And on the shallowest level possible, I’m happier having Steven Brust and Charles Stross evident in the living room and hallway and these ones tucked away at the back of a bottom shelf in the spare room.

Magical Mystery Bookshelf Tour Stage Six: Still In The Spare Room

Posted 24 September 2008 in by Catriona

I’ve been neglecting the Magical Mystery Bookshelf Tour recently: I don’t know why.

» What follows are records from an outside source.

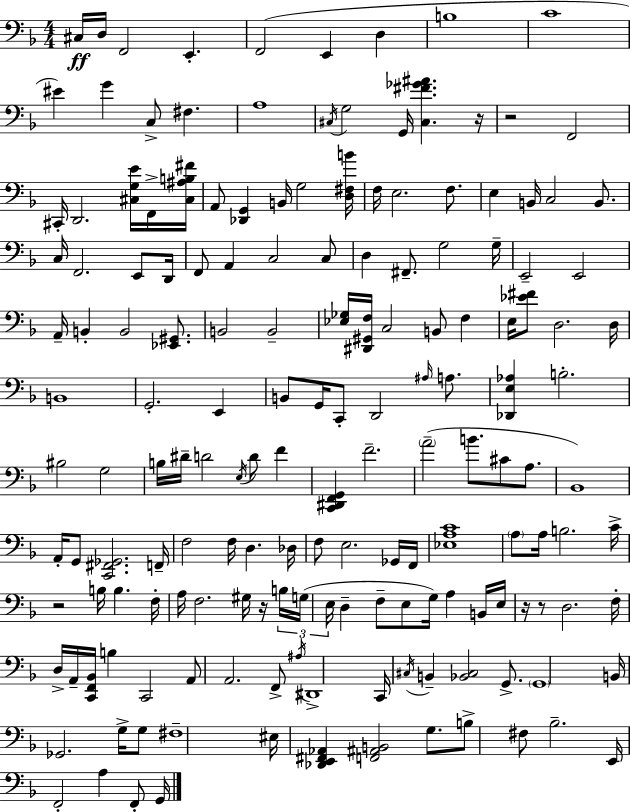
{
  \clef bass
  \numericTimeSignature
  \time 4/4
  \key f \major
  cis16\ff d16 f,2 e,4.-. | f,2( e,4 d4 | b1 | c'1 | \break eis'4) g'4 c8-> fis4. | a1 | \acciaccatura { cis16 } g2 g,16 <cis fis' ges' ais'>4. | r16 r2 f,2 | \break cis,16-. d,2. <cis g e'>16 f,16-> | <cis ais b fis'>16 a,8 <des, g,>4 b,16 g2 | <d fis b'>16 f16 e2. f8. | e4 b,16 c2 b,8. | \break c16 f,2. e,8 | d,16 f,8 a,4 c2 c8 | d4 fis,8.-- g2 | g16-- e,2-- e,2 | \break a,16-- b,4-. b,2 <ees, gis,>8. | b,2 b,2-- | <ees ges>16 <dis, gis, f>16 c2 b,8 f4 | e16 <ees' fis'>8 d2. | \break d16 b,1 | g,2.-. e,4 | b,8 g,16 c,8-. d,2 \grace { ais16 } a8. | <des, e aes>4 b2.-. | \break bis2 g2 | b16 dis'16-- d'2 \acciaccatura { e16 } d'8 f'4 | <c, dis, f, g,>4 f'2.-- | \parenthesize a'2--( b'8. cis'8 | \break a8. bes,1) | a,16-. g,8 <c, fis, ges,>2. | f,16-- f2 f16 d4. | des16 f8 e2. | \break ges,16 f,16 <ees a c'>1 | \parenthesize a8 a16 b2. | c'16-> r2 b16 b4. | f16-. a16 f2. | \break gis16 r16 \tuplet 3/2 { b16 g16( e16 } d4-- f8-- e8 g16) a4 | b,16 e16 r16 r8 d2. | f16-. d16-> a,16-- <c, f, bes,>16 b4 c,2 | a,8 a,2. | \break f,8-> \acciaccatura { ais16 } dis,1-> | c,16 \acciaccatura { cis16 } b,4-- <bes, cis>2 | g,8.-> \parenthesize g,1 | b,16 ges,2. | \break g16-> g8 fis1-- | eis16 <des, e, fis, aes,>4 <f, ais, b,>2 | g8. b8-> fis8 bes2.-- | e,16 f,2-. a4 | \break f,8-. g,16 \bar "|."
}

Perhaps I’m worried about boring people.

Or perhaps it’s that we’re heading into the thoroughly chaotic bookshelves, which are going to confuse people and give them a poor opinion of my organisational skills. (For the record, I labour under a combination of fairly poor spacial-organisation skills—all those years of just shoving everything under my bed, I suppose—and a partner who won’t throw anything, and I mean anything, away.)

Or perhaps it’s as simple as the fact that I’ve been busy and sick, and trying to concentrate on formal publications rather than on taking photographs of my bookshelves.

But in the rundown to mid-semester break—one more class!—I think I can spare some time for photographing my lovely, lovely books.

(Also? I love my camera. These photographs are so much clearer than the earlier ones.)

I’m not showing what’s on the top of these bookcases, because it’s old stuffed toys: not many in total, but including my childhood toy, who now looks less like the beloved companion of a young child and more like the survivor of a horrific accident that included fire and traumatic amputation—he’s homemade, and while he once had little denim boots, they were made to cover his original red-felt boots, which wore away. Since his denim boots have worn away as well, he now has what look like mangled stumps on the ends of his legs, complete with dangling red strands of felt. Poor thing: I led him a hell of a life, I think. He came everywhere. And was frequently left behind, as well. I think he’s earned a nice, quiet retirement on top of a bookshelf in my spare room.

This bookshelf, though, has largely been made over to Nick’s books. Nick, being a science-fiction geek and artist, has an enormous collection of tall hardbacks—and I’m quite pleased about that, frankly, because modern bookshelves aren’t really constructed to take ordinary books. It seems to me that if you want bookshelves that will take standard paperbacks/those slightly larger paperbacks we get now/trade paperbacks, you actually have to make one yourself.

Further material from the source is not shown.